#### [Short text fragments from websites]

_ _ _ _

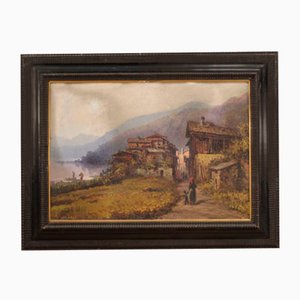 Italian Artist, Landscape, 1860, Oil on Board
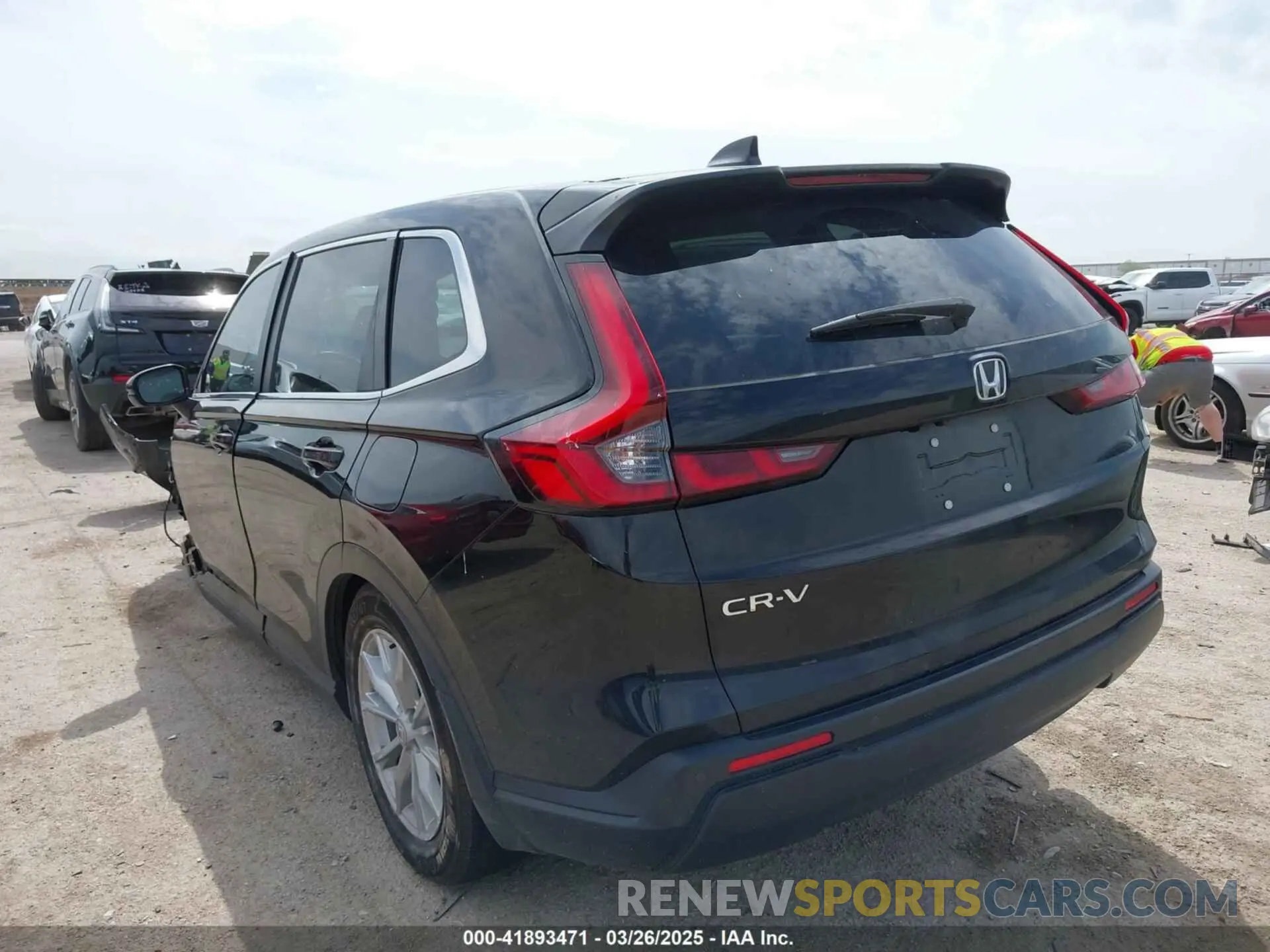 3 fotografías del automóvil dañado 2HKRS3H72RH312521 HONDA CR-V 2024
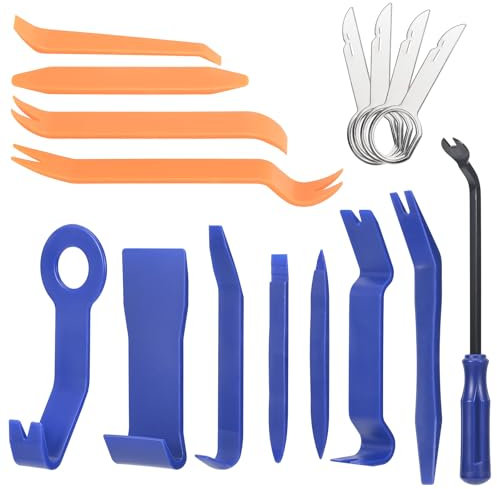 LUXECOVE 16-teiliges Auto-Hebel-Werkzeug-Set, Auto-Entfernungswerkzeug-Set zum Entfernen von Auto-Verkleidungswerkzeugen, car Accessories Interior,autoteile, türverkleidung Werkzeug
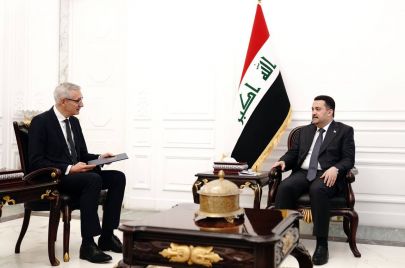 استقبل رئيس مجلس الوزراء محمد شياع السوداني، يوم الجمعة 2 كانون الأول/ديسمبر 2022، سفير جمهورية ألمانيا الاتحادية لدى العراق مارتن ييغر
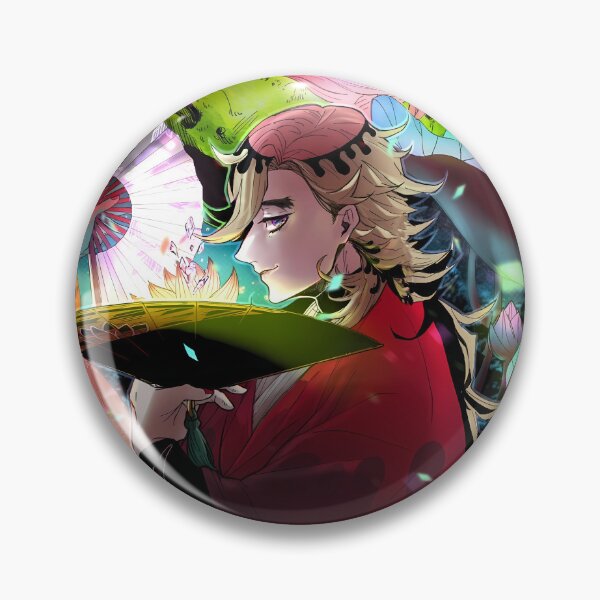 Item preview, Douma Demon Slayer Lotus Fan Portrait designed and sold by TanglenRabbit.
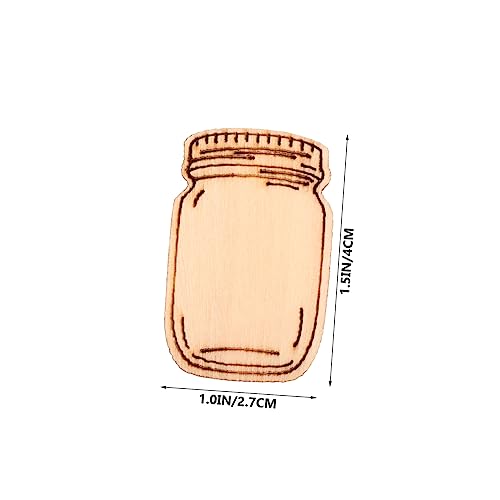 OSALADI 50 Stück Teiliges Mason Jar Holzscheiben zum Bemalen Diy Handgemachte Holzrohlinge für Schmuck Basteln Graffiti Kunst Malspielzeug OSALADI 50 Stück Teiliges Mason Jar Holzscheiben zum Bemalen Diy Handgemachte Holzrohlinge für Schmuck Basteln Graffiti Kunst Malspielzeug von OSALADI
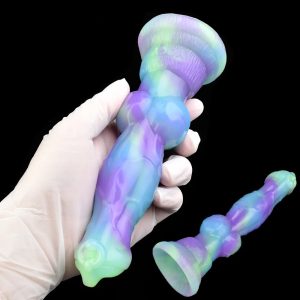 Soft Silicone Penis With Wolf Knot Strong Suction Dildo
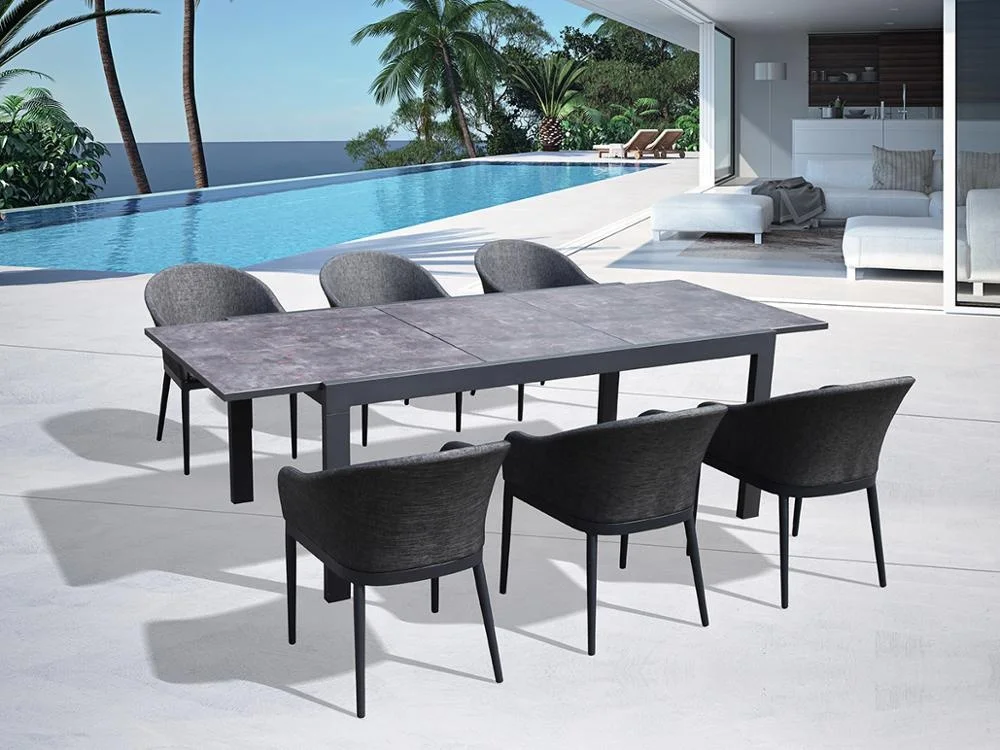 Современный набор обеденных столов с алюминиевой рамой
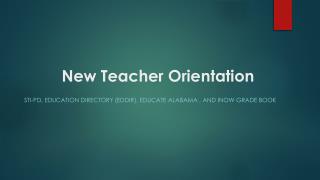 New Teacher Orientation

_ _ _ _

#### [PROBLEM REQUIREMENTS]
A word-for-word copy of the lines from the one containing "Soft Silicone Penis" through the last line of the records is what is wanted, without pictures and without any other line.

#### [TASK RESULT]
 Soft Silicone Penis With Wolf Knot Strong Suction Dildo
 Современный набор обеденных столов с алюминиевой рамой
 New Teacher Orientation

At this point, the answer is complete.